Friday, September 4, 1998



New chancellor
dreams big plans
for UH-Hilo

By Rod Thompson
Star-Bulletin

Tapa

HILO -- When newly appointed University of Hawaii at Hilo Chancellor Rose Tseng was 19 years old in Ethiopia, she noticed a poor, young girl walking by her house every day carefully carrying an egg in each hand.

Finally she found someone to explain it to her. By selling the eggs to foreigners, the girl was able to earn enough money to feed her family every day.

The experience caused Tseng to change her studies from chemistry and engineering to nutrition.

"I went from a technical person to a people person," she says.

Tseng brings that concern for people and confidence in them as she begins her five-year contract as UH-Hilo's new chancellor.

She starts with the quality of students at the school. "We're just as good as others," she said during an interview yesterday.

"I think the public schools here are just as good as on the mainland."

To illustrate that, she tells how she checked out UH-Hilo's Web site before coming here. It was high-quality, better than many, she said.

She learned later that it was produced by a UH-Hilo student.

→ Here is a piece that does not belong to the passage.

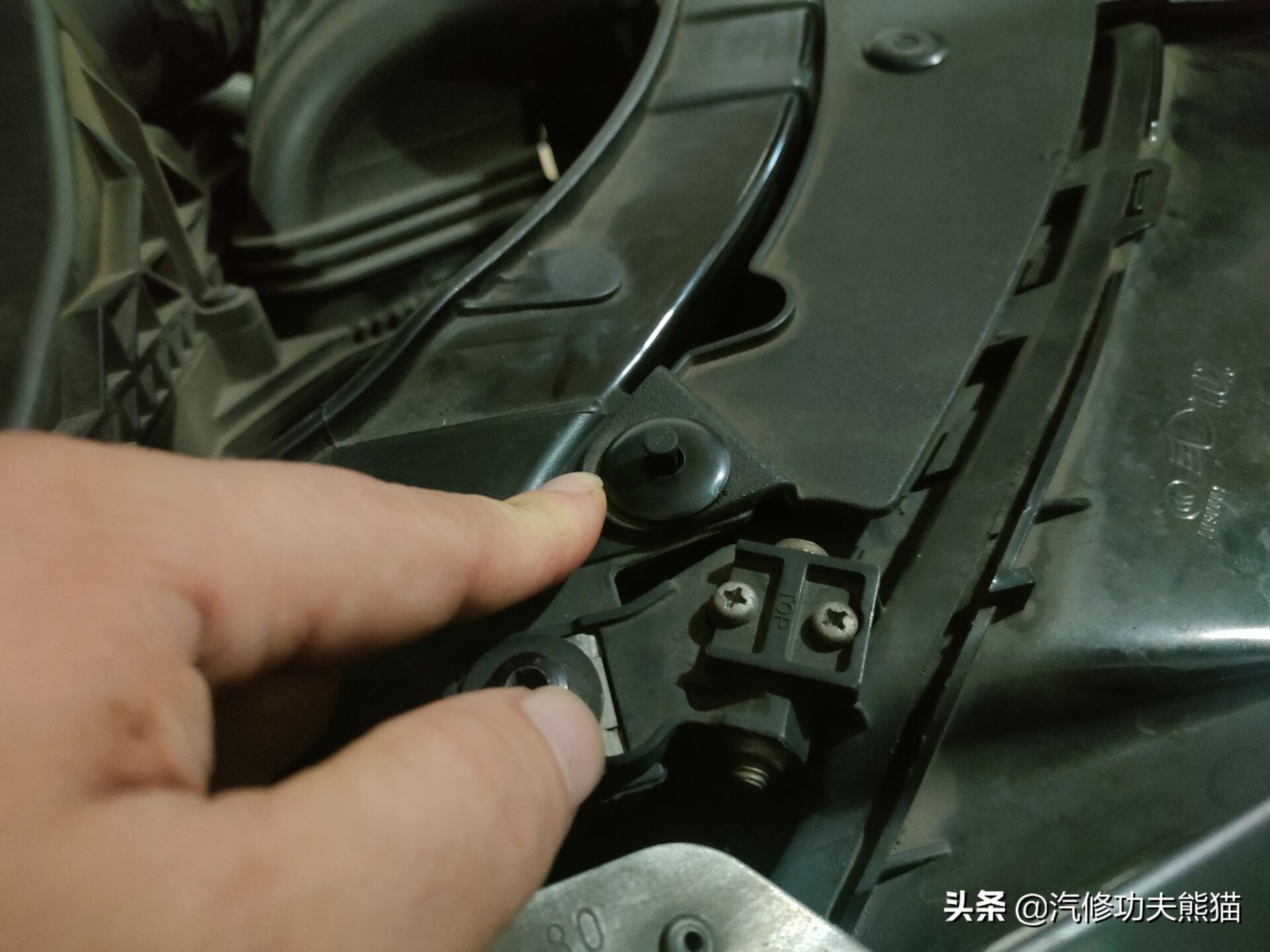 当年奥迪q5落地多少钱,当年奥迪q52018款典藏版价格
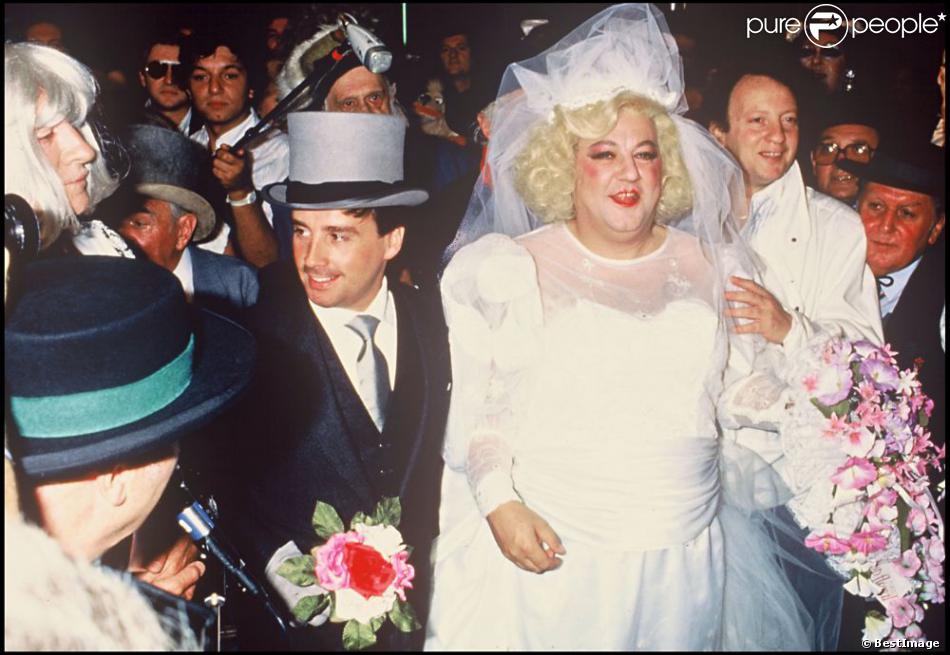 http://static1.purepeople.com/articles/9/11/66/29/@/1068648-archives-mariage-coluche-avec-thierry-950x0-1.jpg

Tseng is just as impressed by the UH-Hilo computer science program that produced the student.

And coming here from California's "Silicon Valley" -- she was chancellor of a system of two community colleges, Mission College in Santa Clara and West Valley College in Saratoga -- she foresees the day when computer-oriented companies could be attracted to Hilo.

What is missing now is a "critical mass" -- not enough students, not enough programs, not enough financial aid.

The university has already made the decision to increase enrollment in Hilo from the present 2,600 to 5,000 by 2007.

That will take money. "Enrollment drives -- money drives enrollment," she said.

Waiting for the government to provide it could take 25 years, she said.

As she did in California, where she took a system operating in the red, trimmed its budget by $5.7 million and increased enrollment by 15 percent, Tseng will depend on partnerships with private enterprise.

One such partnership is already in preparation: the plans for a "Vulcan Village" on 37 acres at UH-Hilo, costing perhaps $50 million, and to be funded in large measure by Taiwanese investors.

The village would include a Chinese cultural center, but other details remain to be explored, Tseng said.

One advantage she has is an ability to read proposals in Chinese, having been born in mainland China and raised from the age of 5 in Taiwan.

That multicultural perspective is also something UH-Hilo can offer students that mainland universities cannot, she said. As business becomes increasingly global, it's a perspective in very high demand, she said.